Keep an eye on your children all the time: No matter how alluring it may seem, avoid entering any shafts or corridors that are not illuminated by lighting because these are still being excavated and are not accessible to the general public. If you have children with you, be sure to keep an eye on them, because kids can be curious about the places where you can’t fit but they definitely do!
Arrive early: Don’t forget that Kaymakli is a popular spot even though it's not on the regular tourist path. Arriving early will help you avoid the long lines and crowds.
Buy Cappadocian Travel Pass® so you don’t have to wait in ticket lines: Cappadocia Travel Pass® is great for a lot of reasons but the best thing about it is that you can save plenty of time instead of waiting for long ticket queues. Kaymakli Underground City is included with the Pass as well as other 35+ attractions.
These tips can help you explore Kaymakli Underground City safely and have fun while learning about the area's fascinating history and culture. So, why wait, see you in Cappadocia this year!

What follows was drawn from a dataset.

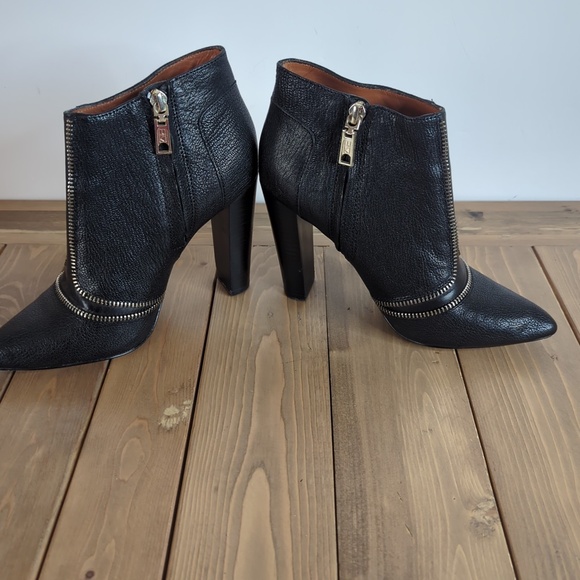Rebecca Minkoff Black Leather Zipper Ankle Boots - Picture 5 of 14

Cappadocia is thought to have about 200 underground cities but today only three of them are open to the public. These three underground cities are Derinkuyu, Kaymakli, and Ozkonak but it is not fair to compare them, they all have different features. But read our blog posts and decide for yourselves.
Some sources mention that Kaymakli Underground City is 60 meters but others say 80 meters. Since we didn’t measure ourselves, we can depend on the official numbers so it is around 80 meters deep.
Underground cities in Cappadocia are amazing and definitely worth visiting if you can. You can witness humanity’s strength and persistence during your visit.
As of 2023, entry to Kaymakli Underground City in Cappadocia Turkey is 100 TL
Taxis or private drivers are the quickest ways to travel from Goreme to Kaymakli Underground City. An alternative is to take a bus to Nevsehir, where you can change to a bus going to Kaymakli.
Underground cities can be claustrophobic but there are areas you can rest inside if you feel overwhelmed. But if you suffer from claustrophobia, we recommend you not to get inside.
Kaymakli Underground City has 8 floors but only 4 of them are open to the public by 2023.
Early Christians hiding from Roman Empire were the first inhabitants of Kaymakli Underground City. Later on, Christians continue to hide there up until 1909 when they need a secure area.